I have been watching Wyrd miniatures for a while now, making sure to look over my shoulder ever now again to see if anything new cropped up (much like I treat Freebooter and Dark Sword). A few weeks before Thanksgiving I had the chance to play a few learning games (I have multiple rules sets that I have never played, er... umm..., Flames of War). So the following impression is based on play, although not full fledged skirmishes with all the bells and whistles.
The rulebook:
Malifaux rulebook is in many ways very similar to Privateer Press rulebooks- a running story across factions, great illustration, rules that make sense on the surface and everything you need in one book.
As you don't use dice, there are a lot of easy to read two row tables to show what the various totals for cards mean. One of the things that I didn't even catch until I sat down to write this review was, not once in the rule section, was there a figure for model positioning. Unlike GW and PP games where you are constantly shown diagrams for charge lanes, line of sight, cover, etc, Malifaux means everything off the base and height values so those drawings are not needed. Can this model? (Answer: I dunno, can you draw an uninterrupted line?). There has been substantial errata posted on the website forum, and this appears updated routinely. Most of the rule errors are simply grammatical. The faction/model errata is where the significant changes occur. Some of them I caught reading the book the first time, for instance, why was the generic Guild Guard a Unique member of the Family. I wager in two years we'll get the Infinity treatment, and get a really polished near perfect revised rulebook.
The actual production value of the book--written and illustration, and even layout-- is very nice. The fiction starts with nice overviews of the grim Victorian characters showing primary role. When it concludes, you feel as if you get just enough to realize how open and desperate the world of Malifaux is. Very little has purely good, and near everything has the taint of either evil or malice. From the simple line drawings to the full color chatper pages, the art is of premium grade.

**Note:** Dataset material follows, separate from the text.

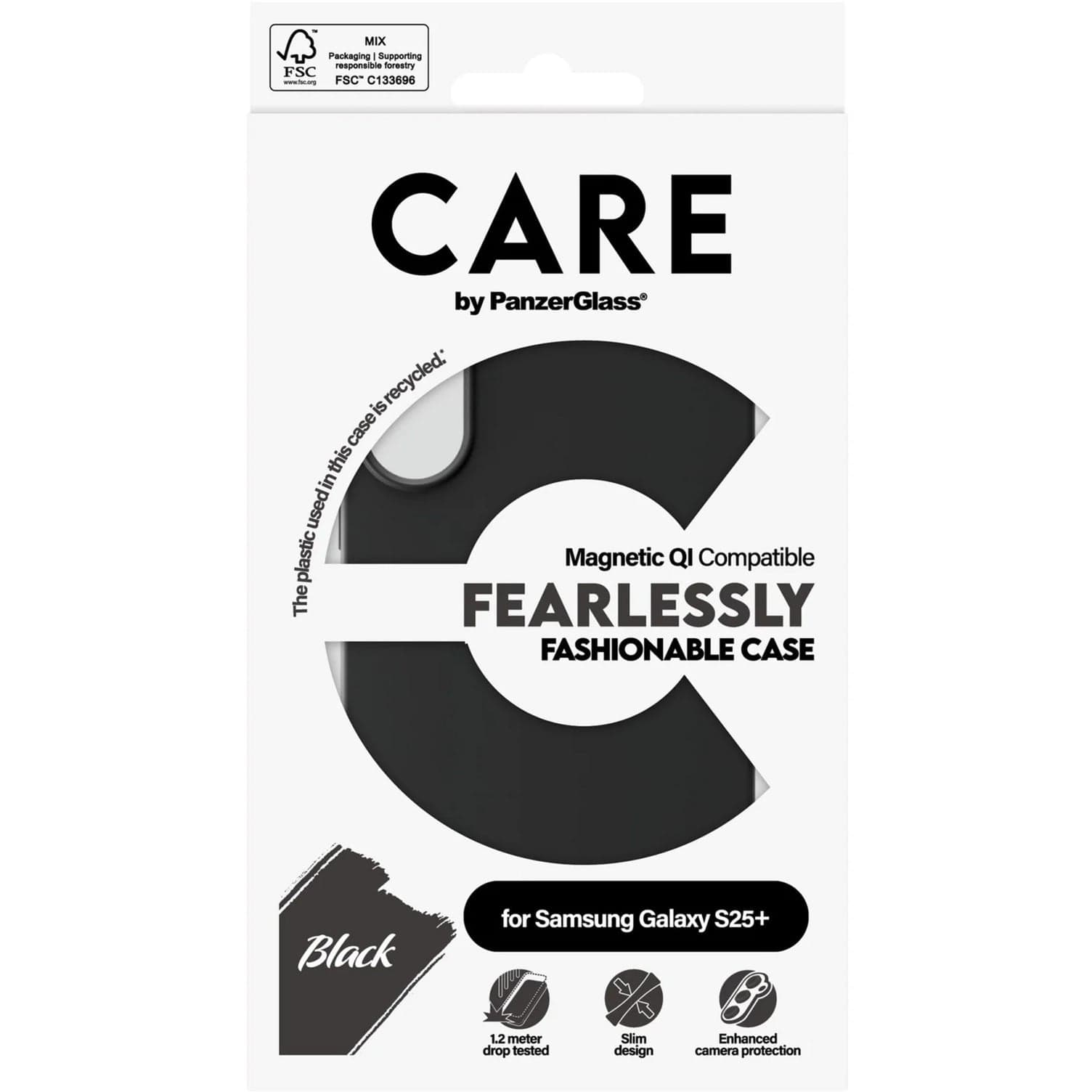 Fearlessly Fashionable Case, Handyhülle – Bild 1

The missions are highly varied, and the system even allows for secret objectives. One of the things I am always interested in are asymmetrical object based scenarios. Malifaux has a random primary objective (a strategy) and optionally, secretly chose secondary objectives (schemes) at the your own, not the game's, discretion. So you might very well in up with defend an objective with one crew and kill their leader on the other. Further terrain features heavily into most objectives.
The models:
They have a strange Weird West- Steampunk- Victoriana flavor. And it works. Models are 28-32mm, but not heroic. No elven archer hands here. Some of the earlier models in the range are nasty to put together, having very fine chains or wrist joints. New models are often single piece, or hidden joins. In quality, they are comparable to Infinity in so many ways, including assembly.Recently, more single piece models have shown up, and they are very well done. A little twisting of an arm with padded pliers, and you can completely remove the flat effect which single piece models often suffer from.
The game play:
I have only had a few games, mostly just moving Lady Justice around for a charge on Saemus. The game does play fast. There is a resource allocation system, soulstones, similiar to Warchmachines focus mechanic, with major exception-- you only get an initial alotment, they don't come back every turn.

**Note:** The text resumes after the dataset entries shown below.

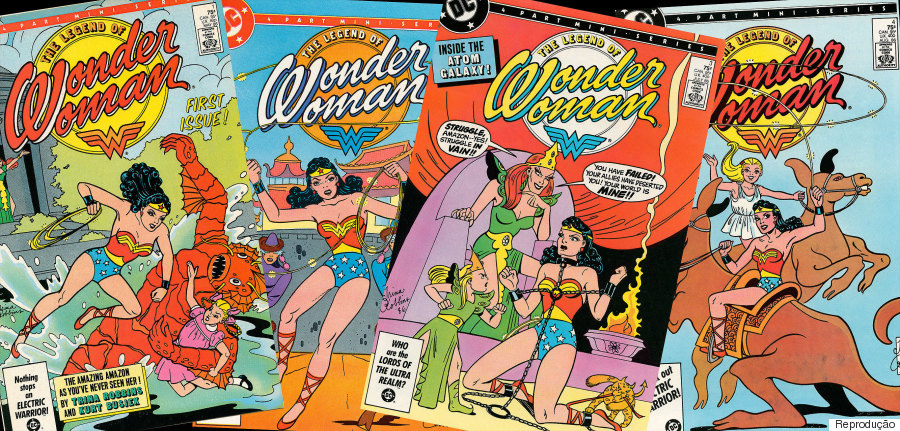 wonder woman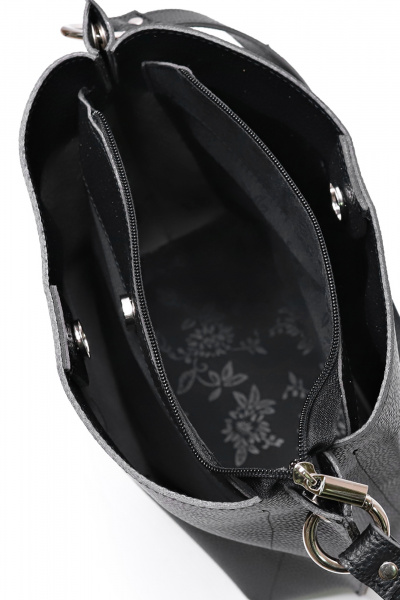 Сумка Galanteya 1321.25с1879к45 черный - фото 5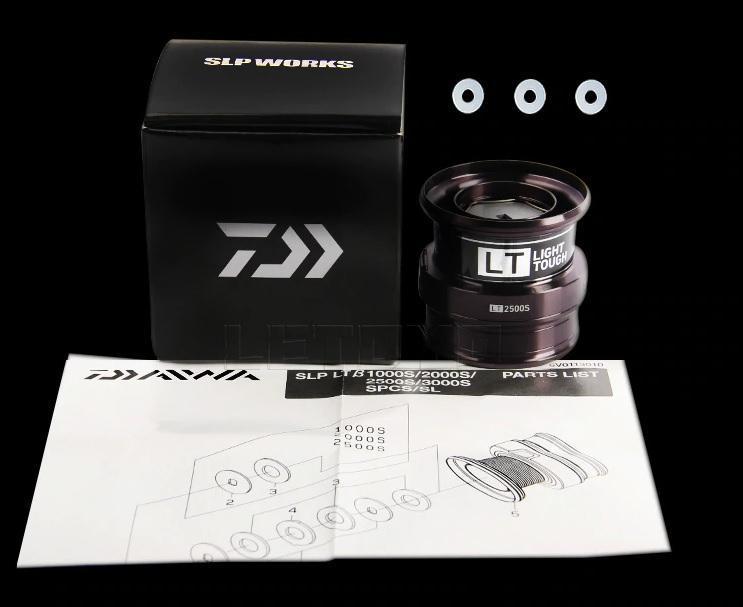 ダイワ 純正 海外限定モデル DAIWA SLP WORKS TYPE-β スプール ダイワ 純正 海外限定モデル DAIWA SLP WORKS TYPE-β スプール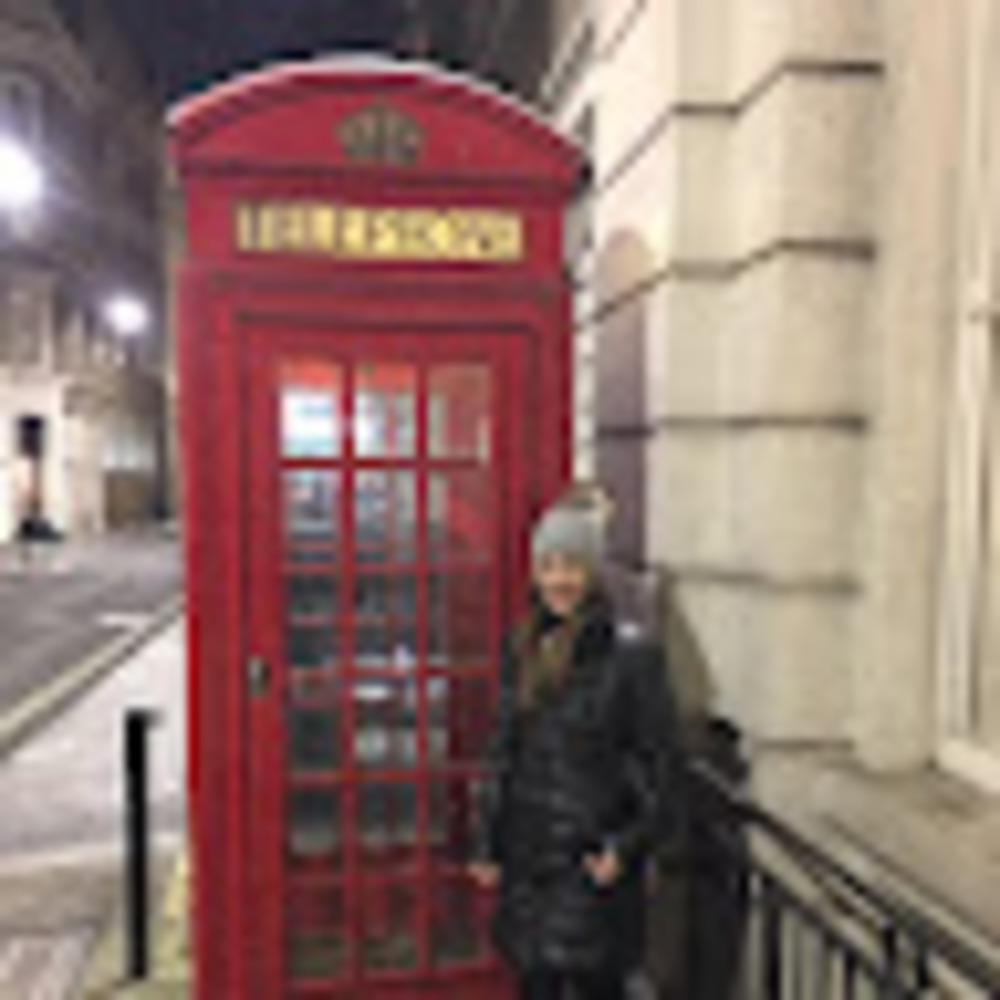 Meet your Posher, Maryann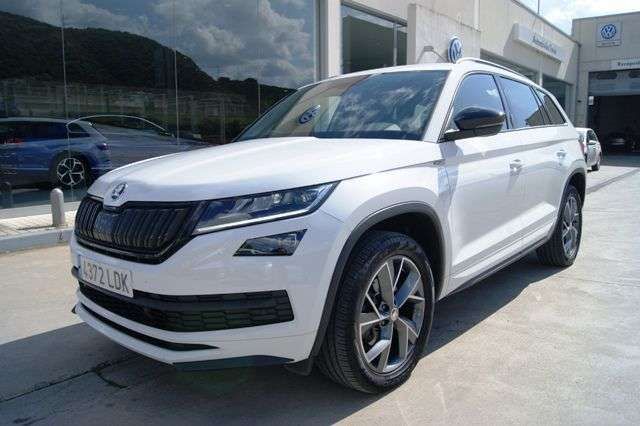 Škoda Kodiaq • 2019 • 84,000 km 13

The game a feel similar to low model count Warmachine. Flip cards, add, compare. The twist and cheat (which are the actual game terms for it), is swapping cards from your hand to with those in play, or using a soulstone to add an additional card. Additionally, all weapons have ranges, even melee weapons. So the base to base contact isn't as crazy as in some games and the rue melee monsters, have much longer melee ranges. Damage actually scales based on a damage flip, with no damage always being a nasty 1/54 chance (flipping is the card equivalent to a dice roll).
So that is my quick first impression of Malifaux. As I get more time to play more meaningful games and paint up some models, I'll be sure to come back for a more informed impression.